It’s the Data, Dummy: Obama Re-Elected, but Nate Silver Knew That Already

Stats, not punditry, win the day

It's finally over. After nearly two full years of fringe candidates, mudslinging, punditry and speculation, Barack Obama won re-election this evening, made official by Mitt Romney's concession just before 1 a.m. ET. 

While many predicted a decision wouldn't come until morning or even days later, NBC was the first network to call the election at 11:12 p.m. Yet, for all the jockeying between networks to be first and right, nobody had a better night in the media than New York Times blogger and poll guru Nate Silver, who correctly predicted 50 out of 50 states in his electoral map this evening. Yesterday morning, at 10:10 a.m., Silver forecast that Obama had a 91 percent chance of winning and would score 313 electoral votes to Republican candidate Mitt Romney’s 225. As of 1:10 a.m. this morning, CNN projected 303 electoral votes for Obama and 206 for Romney, based on unofficial returns.

Silver took the wind out of the windbags and let the data (accurately) tell the story. 

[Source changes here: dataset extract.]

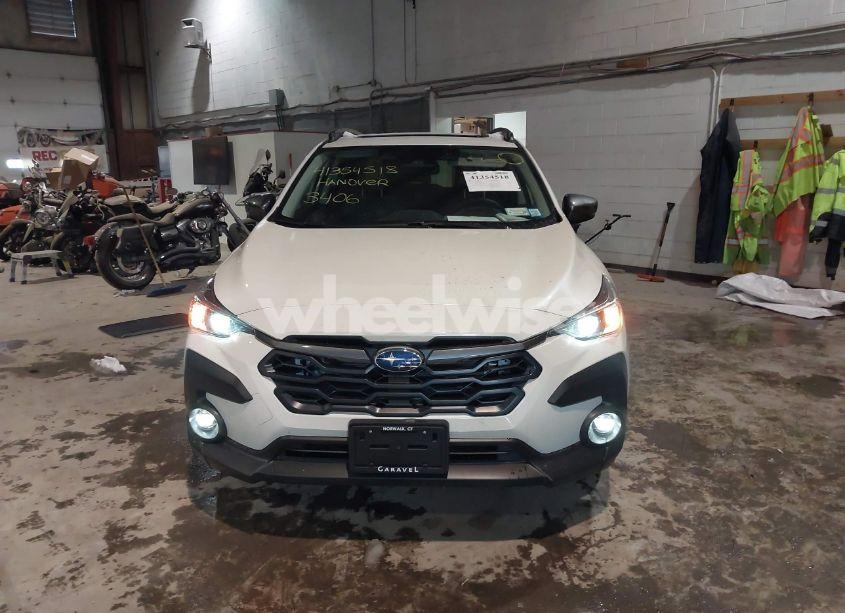 Photo 12 of 2024 Subaru Crosstrek PREMIUM (VIN JF2GUADC3RH340613)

Digital won the night almost everywhere else as well. According to Twitter, the social network reached a peak of 327,000 TPM following the network's call for Obama's re-election. It remains the highest Twitter volume for the entire 2012 election season. Setting another record, Obama's official Twitter account posted a photo of the first couple hugging with the words "four more years." As of 1:20 a.m. the tweet had well over 430,000 retweets and is the most retweeted photo ever in the site's history.

Websites everywhere had banner days as a result of the decisive evening. Chartbeat CEO Tony Haile said his real-time analytics program, which provides data for many of the biggest news sites in the world, was receiving nearly 200,000 data requests per second, perhaps foreshadowing a record night for the Web.

It's worth noting as well that the Obama campaign will most certainly tout its usage of data in the coming days and months. Armed with a large staff of programmers and number crunchers, the campaign made a priority of collecting scores of data on its probable voting body to help with microtargeting and then implemented a vast and sophisticated field organizing digital platform known as Dashboard. While the campaign ultimately boils down to a complex series of events, there's no doubting that these digital tools helped play a role in managing the campaign's enormous infrastructure.

All told, the night was exciting for both politicos and media types alike. For a media event largely billed as "the digital election," there was no letdown. Obama won, but so did data and digital.